Guerriero della Luce di Paolo Coehlo
Quello che ancora ci ostiniamo a chiamare "potere" dovremmo cominciare a chiamarlo follia - come fece a suo tempo Erasmo da Rotterdam.
di Pina La Villa
http://www.girodivite.it/Dizionario-del-te...lennio,604.htmlPotere: il significato della parola è usurato e quindi ambiguo, come avvine per tanti altri termini.
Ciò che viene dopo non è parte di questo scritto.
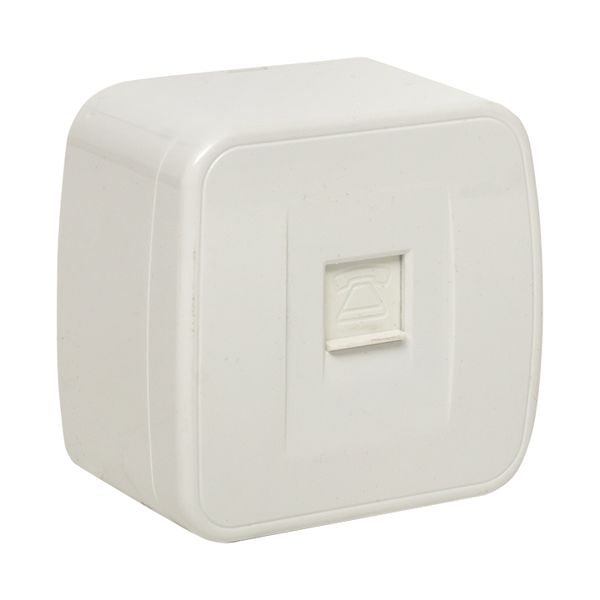 Минск Розетка Phone 1-местная ОП белая EKF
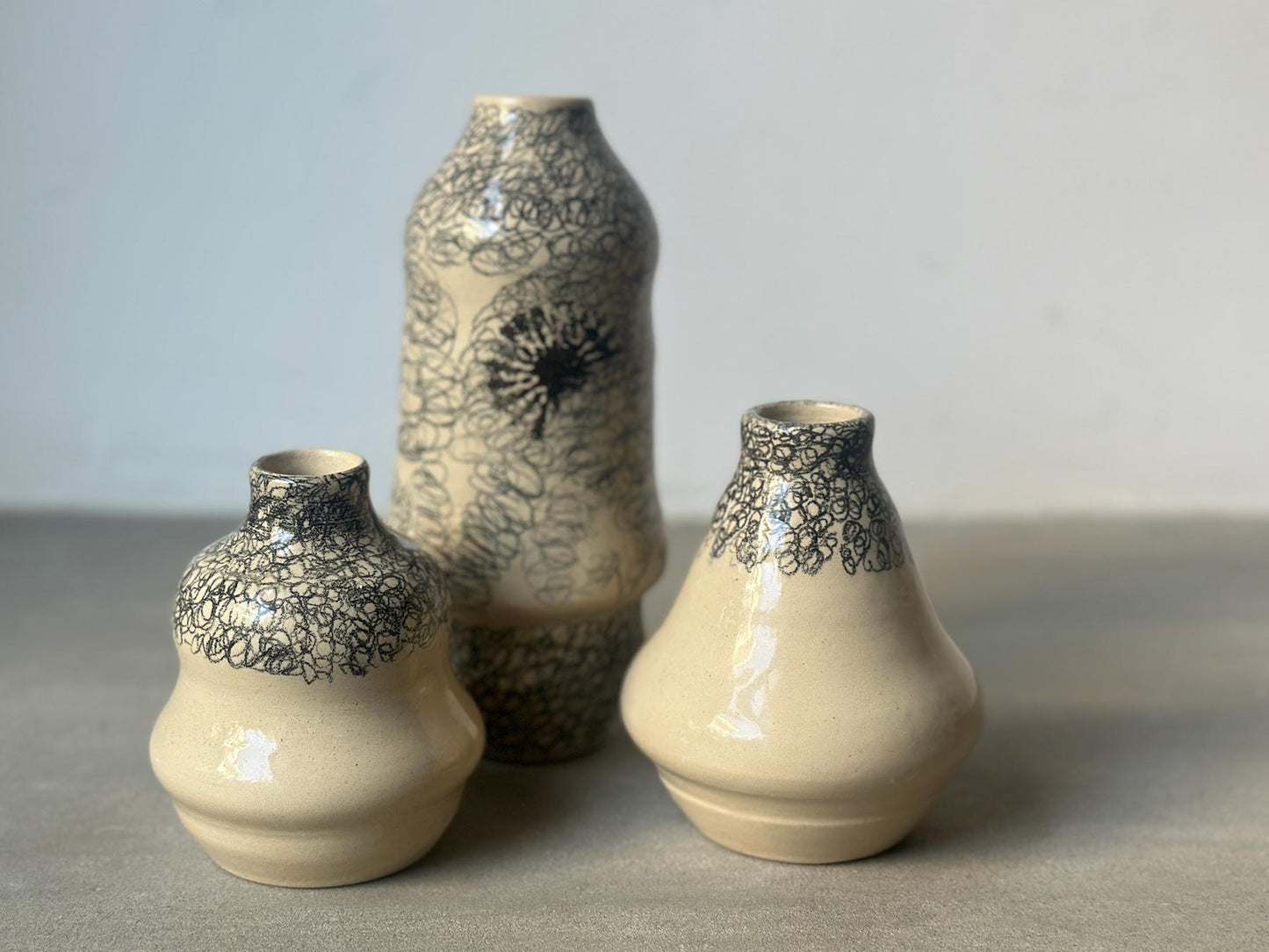 Entangled Vase Trio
Togliendo qualche incrostazione si possono forse scoprire alcune cose interessanti.
Potere è arrivato a significare, nel senso comune, arbitrio, comando, affermazione sugli altri.
Ma "potere" è una parola astratta che nasce dall’infinito del verbo che indica invece la possibilità che abbiamo, in una data situazione, di fare qualcosa. La domanda è : cosa posso fare? Indica, paradossalmente, un grande rispetto per se stessi, per gli altri, per le cose. Non cosa VOGLIO O DEBBO, ma, realisticamente, concretamente e rispettosamente, cosa POSSO fare.
Divagazione. Lo yoga, per esempio, insegna cosa possiamo fare col nostro corpo, nel rispetto dei suoi tempi, dei suoi ritmi, della sua malattie e dei suoi difetti, spesso causati da disattenzione nostra nei suoi confronti.
Anche tornando al significato politico della parola "potere" immaginiamo di mantenere questo significato. Immaginiamo il "potere" che fa solo quanto è in grado di fare - secondo la costituzione, secondo le regole, secondo i contrappesi previsti. E spinge in avanti, cioé spinge la società a realizzare le proprie potenzialità, ascoltando tutti i segnali, stando attento alle situazioni di sofferenza, per vedere appunto cosa "può" fare per superarle. Il "potere" non ha quindi, o non dovrebbe avere, nulla a che fare né con l’arbitrio, né col comando, né tantomeno con l’imposizione e la sopraffazione.
Quello che ancora ci ostiniamo a chiamare "potere" dovremmo quindi cominciare a chiamarlo follia, stupidità, arroganza - come fece a suo tempo Erasmo da Rotterdam. E quando sentiamo le frasi "un uomo di potere", "gli uomini potenti", "ha il potere di cambiare le cose", "ha il potere di dare la felicità" etc. etc. dobbiamo solo provare a sostituire alla parola potere la parola arroganza. (il significato della parola arroganza alla prossima puntata).
Tempo fa, su "Sofia", una rivista di filosofia fatta a Verona e ispirata al pensiero della differenza, un dibattito su potere e autorevolezza in cui le pensatrici mostravano tutto il loro malumore nei confronti del potere, cercando di sostituirlo col termine "autorevolezza". Ma non fecero che camuffare con una parola nuova la sostanza pressoché identica del concetto. Nell’autorevolezza vedevano la figura materna, il cui "potere" consiste nella cura e che non vuole gli sia riconosciuto il comando, la responsabilità delle azioni che fa, delle decisioni che prende, ma solo l’autorevolezza, cioé in pratica quelle capacità manipolatorie che da secoli sono state considerate appannaggio delle donne. In pratica dalla padella alla brace. Paterno o materno il potere inteso come manipolazione è sempre deleterio.